To install esgcet by cloning our github repository (useful if you want to modiy the software): first, you should ensure you have a suitable python in your environment (see below for information on conda, etc.), and then run:

git clone http://github.com/lisi-w/esg-publisher.git -b refactor
cd esg-publisher
cd pkg
python3 setup.py install

Now you will be able to call all commands in this package from any directory. A default config file, esg.ini will populate in $HOME/.esg where $HOME is your home directory.

NOTE: if you are intending to publish CMIP6 data, the publisher will run the PrePARE module to check all file metadata. To enable this procedure, it is necessry to download CMOR tables before the publisher will successfully run. See those pages for more info.

Config

The config file will contain the following settings:

  • version
    • This will be predefined in the [DEFAULT] section, it is used by setup to determine at time of install if your config file has all the latest settings.
  • data_node
    • Required. This is the ESGF node at which the data is stored that you are publishing. It will be concatenated with the dataset_id to form the full id for your dataset.
  • index_node
    • Required. This is the ESGF node where your dataset will be published and indexed. You can then retrieve it or see related metadata by using the ESGF Search API at that index node.
  • cmor_path
    • Required for CMIP6. This is a full absolute path to a directory containing CMOR tables, used by the publisher to run PrePARE to verify the structure of CMIP6 data.
  • autoc_path
    • Optional. This is the path for the autocurator executable. The default assumes that you have installed it via conda.

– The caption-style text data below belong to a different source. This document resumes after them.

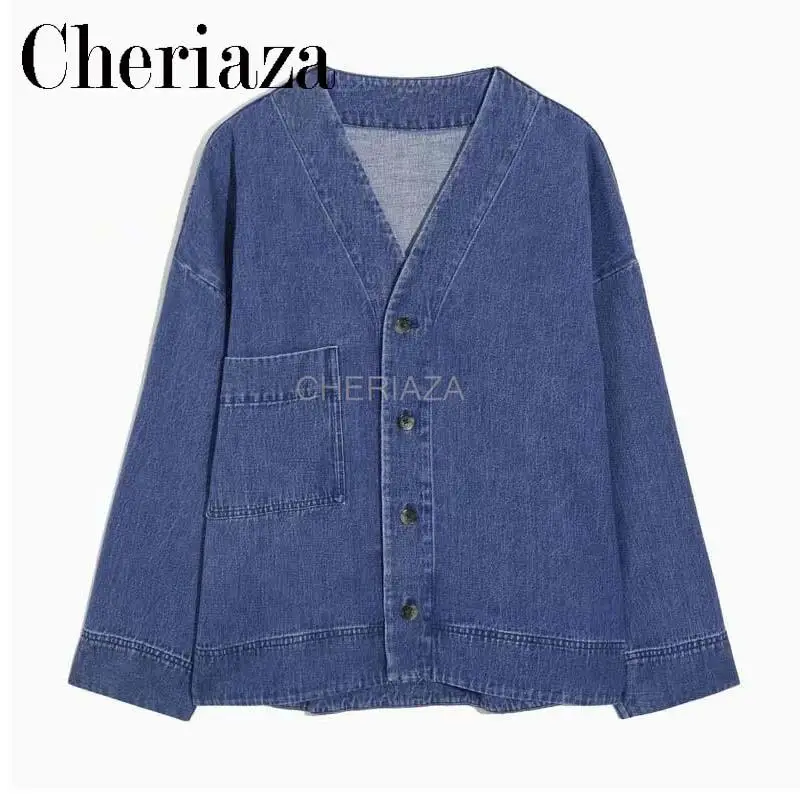 

CHeriaza Spring New Women's Loose Shoulder Drop Top Denim Shirt Jean jacket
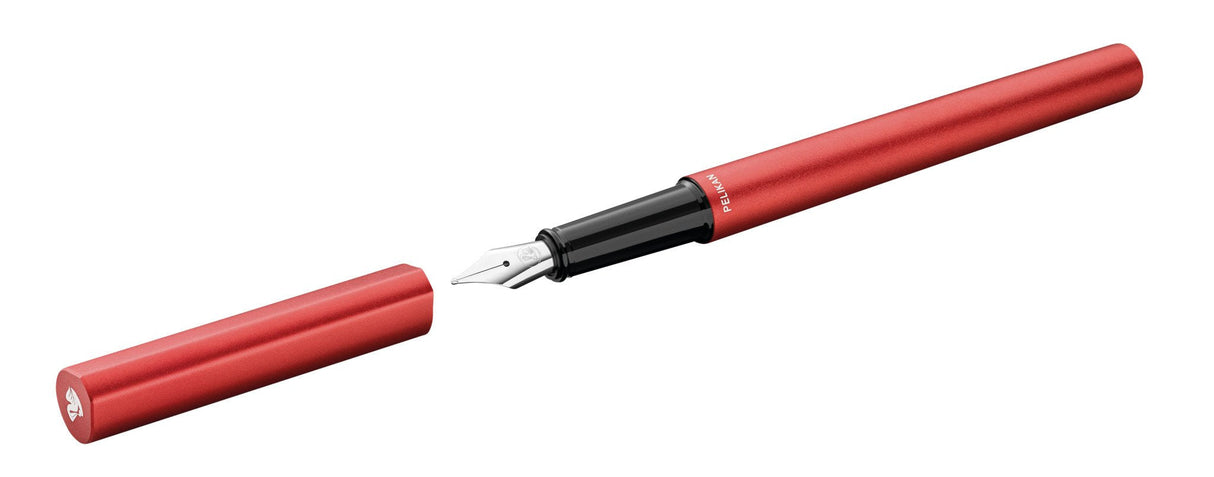 Pelikan Pluma Estilográfica Ineo Elements P6 Metall-Etui Feuer-Rojo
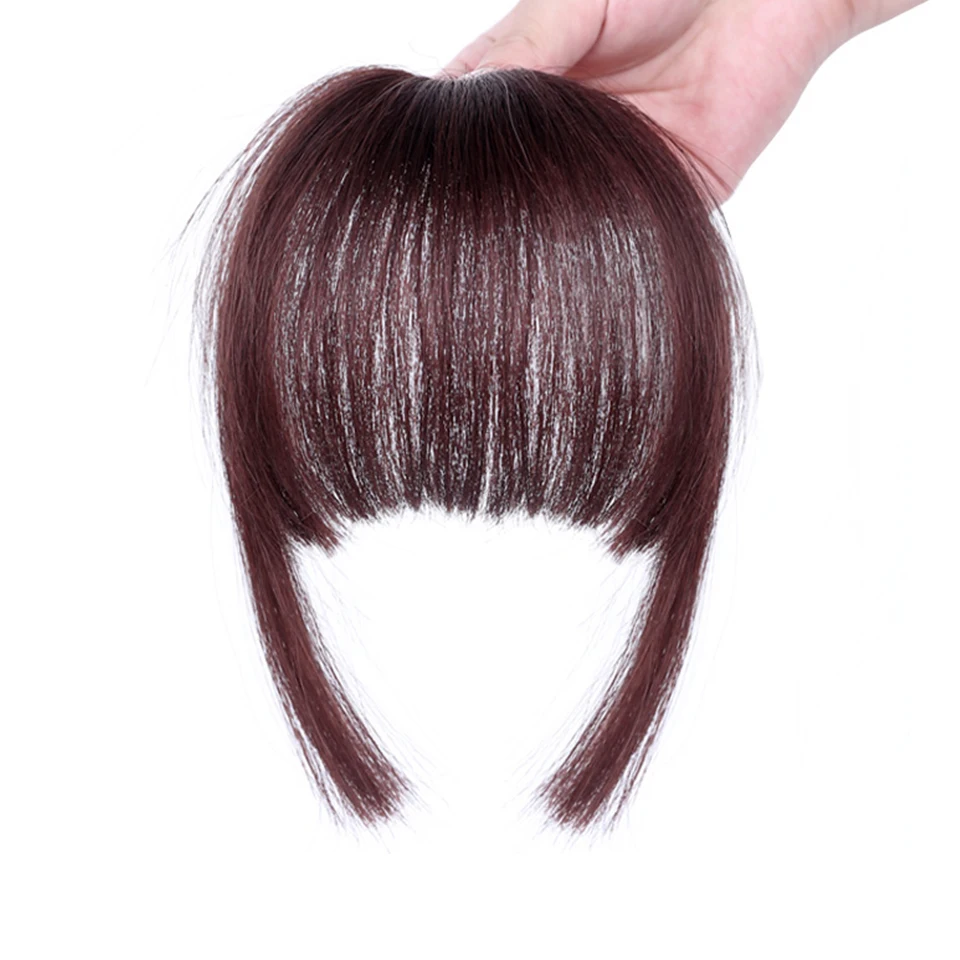 

Black Brown Short Front Neat bangs Clip in Bang Fringe Hair Extensions Straight Synthetic Natural Hairpiece DIFEI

If you have not installed it via conda, please replace with a file path to your installed binary.
  • data_roots
    • Required. Must be in a json string loadable by python. Maps file roots to names.
  • mountpoint_map
    • Optional. Must be in a json string loadable by python. Changes specified sym link file roots in mapfile to actual file roots like so: {“/symlink/dir”: “/actual/path”}
  • cert
    • Optional. This is the full path to the certificate file used for publishing. Default assumes a file “cert.pem” in your current directory. Replace to override.
  • test
    • Optional. This can be set to True or False, and it will run the esgfpid service in test mode. Default assumes False. Override if you are not doing production publishing.
  • project
    • Optional. ESGF project to which your data belongs. Default will be parsed from the mapfile name.
  • non_netcdf
    • Optional. Enable or disable publication settings for non NetCDF data, default assumes False.
  • set_replica
    • Optional. Enable or disable replica publication settings. Default assumes False, or replica publication off.
  • globus_uuid
    • Optional. Specify Globus UUID. Default leaves out Globus URL from dataset metadata.
  • data_transfer_node
    • Optional. Specify the Data Transfer Node for your dataset. Default is none.
  • pid_creds
    • Required for some projects (CMIP6, input4MIPs). Input esgfpid credentials in a json loadable string.
  • user_project_config
    • Optional. If using a self-defined project compatible with our generic publisher, put DRS and CONST_ATTR into a json loadable dictionary.
  • silent
    • Optional. Enable or disable silent mode, which represses all INFO logging messages. Default is False, silent mode disabled.
  • verbose
    • Optional. Enable or disable verbose mode, which outputs additional DEBUG logging messages. Default is False, verbose mode disabled.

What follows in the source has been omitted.